----- Supplied data

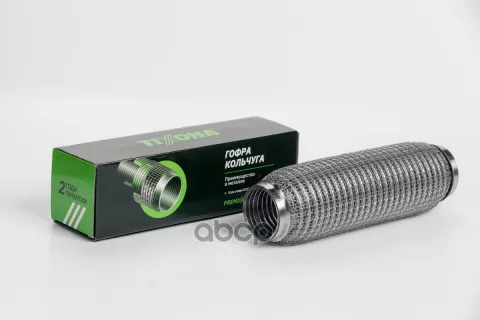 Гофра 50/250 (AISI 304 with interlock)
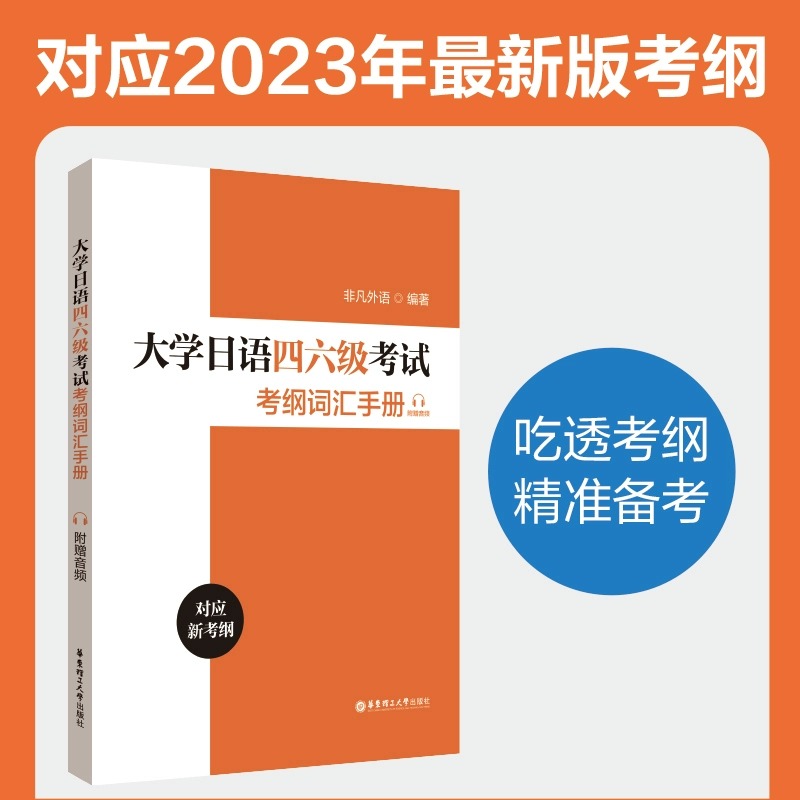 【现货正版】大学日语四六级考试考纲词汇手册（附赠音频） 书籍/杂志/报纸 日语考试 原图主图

----------
----- Supplied data

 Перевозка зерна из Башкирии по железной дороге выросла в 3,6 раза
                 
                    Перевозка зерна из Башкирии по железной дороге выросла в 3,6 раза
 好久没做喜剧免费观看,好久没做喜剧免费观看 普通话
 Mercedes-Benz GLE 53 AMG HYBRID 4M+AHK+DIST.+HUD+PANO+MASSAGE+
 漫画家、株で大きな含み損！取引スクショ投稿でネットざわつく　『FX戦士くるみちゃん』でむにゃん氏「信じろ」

----------

## What you need to do
Look through the material above. Transcribe exactly the lines between the ones with "Гофра 50/250 (AISI 304 with interlock)" and "书籍/杂志/报纸 日语考试 原图主图", inclusive, and keep pictures out.

## Answer to the problem
 Гофра 50/250 (AISI 304 with interlock)
 【现货正版】大学日语四六级考试考纲词汇手册（附赠音频） 书籍/杂志/报纸 日语考试 原图主图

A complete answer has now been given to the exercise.